----- Information supplied

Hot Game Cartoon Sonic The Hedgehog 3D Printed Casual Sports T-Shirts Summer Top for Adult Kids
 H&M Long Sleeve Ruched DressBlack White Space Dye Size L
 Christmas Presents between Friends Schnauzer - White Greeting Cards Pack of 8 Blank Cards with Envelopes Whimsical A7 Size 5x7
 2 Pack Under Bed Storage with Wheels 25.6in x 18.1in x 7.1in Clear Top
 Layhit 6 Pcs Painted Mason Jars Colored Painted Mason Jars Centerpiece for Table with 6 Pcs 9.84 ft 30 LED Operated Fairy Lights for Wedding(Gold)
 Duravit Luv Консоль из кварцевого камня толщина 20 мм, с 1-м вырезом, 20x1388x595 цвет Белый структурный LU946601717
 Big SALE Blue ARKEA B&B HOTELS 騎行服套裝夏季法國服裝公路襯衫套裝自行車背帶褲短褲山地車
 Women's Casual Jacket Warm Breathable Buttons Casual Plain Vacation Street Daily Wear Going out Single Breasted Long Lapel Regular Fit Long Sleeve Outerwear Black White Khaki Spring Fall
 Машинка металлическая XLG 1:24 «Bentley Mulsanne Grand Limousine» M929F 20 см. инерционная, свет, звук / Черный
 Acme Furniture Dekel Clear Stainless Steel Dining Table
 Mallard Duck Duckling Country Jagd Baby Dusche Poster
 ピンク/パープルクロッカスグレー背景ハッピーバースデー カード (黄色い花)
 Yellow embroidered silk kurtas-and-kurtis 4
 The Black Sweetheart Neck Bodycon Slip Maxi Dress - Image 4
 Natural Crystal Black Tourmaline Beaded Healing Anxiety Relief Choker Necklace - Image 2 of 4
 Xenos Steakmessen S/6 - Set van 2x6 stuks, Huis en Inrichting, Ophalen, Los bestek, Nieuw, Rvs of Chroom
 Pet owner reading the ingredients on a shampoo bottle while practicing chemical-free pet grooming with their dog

----------

**Exercise aim:**
Write out the complete set of records exactly as given.

**Output for this task:**
Hot Game Cartoon Sonic The Hedgehog 3D Printed Casual Sports T-Shirts Summer Top for Adult Kids
 H&M Long Sleeve Ruched DressBlack White Space Dye Size L
 Christmas Presents between Friends Schnauzer - White Greeting Cards Pack of 8 Blank Cards with Envelopes Whimsical A7 Size 5x7
 2 Pack Under Bed Storage with Wheels 25.6in x 18.1in x 7.1in Clear Top
 Layhit 6 Pcs Painted Mason Jars Colored Painted Mason Jars Centerpiece for Table with 6 Pcs 9.84 ft 30 LED Operated Fairy Lights for Wedding(Gold)
 Duravit Luv Консоль из кварцевого камня толщина 20 мм, с 1-м вырезом, 20x1388x595 цвет Белый структурный LU946601717
 Big SALE Blue ARKEA B&B HOTELS 騎行服套裝夏季法國服裝公路襯衫套裝自行車背帶褲短褲山地車
 Women's Casual Jacket Warm Breathable Buttons Casual Plain Vacation Street Daily Wear Going out Single Breasted Long Lapel Regular Fit Long Sleeve Outerwear Black White Khaki Spring Fall
 Машинка металлическая XLG 1:24 «Bentley Mulsanne Grand Limousine» M929F 20 см. инерционная, свет, звук / Черный
 Acme Furniture Dekel Clear Stainless Steel Dining Table
 Mallard Duck Duckling Country Jagd Baby Dusche Poster
 ピンク/パープルクロッカスグレー背景ハッピーバースデー カード (黄色い花)
 Yellow embroidered silk kurtas-and-kurtis 4
 The Black Sweetheart Neck Bodycon Slip Maxi Dress - Image 4
 Natural Crystal Black Tourmaline Beaded Healing Anxiety Relief Choker Necklace - Image 2 of 4
 Xenos Steakmessen S/6 - Set van 2x6 stuks, Huis en Inrichting, Ophalen, Los bestek, Nieuw, Rvs of Chroom
 Pet owner reading the ingredients on a shampoo bottle while practicing chemical-free pet grooming with their dog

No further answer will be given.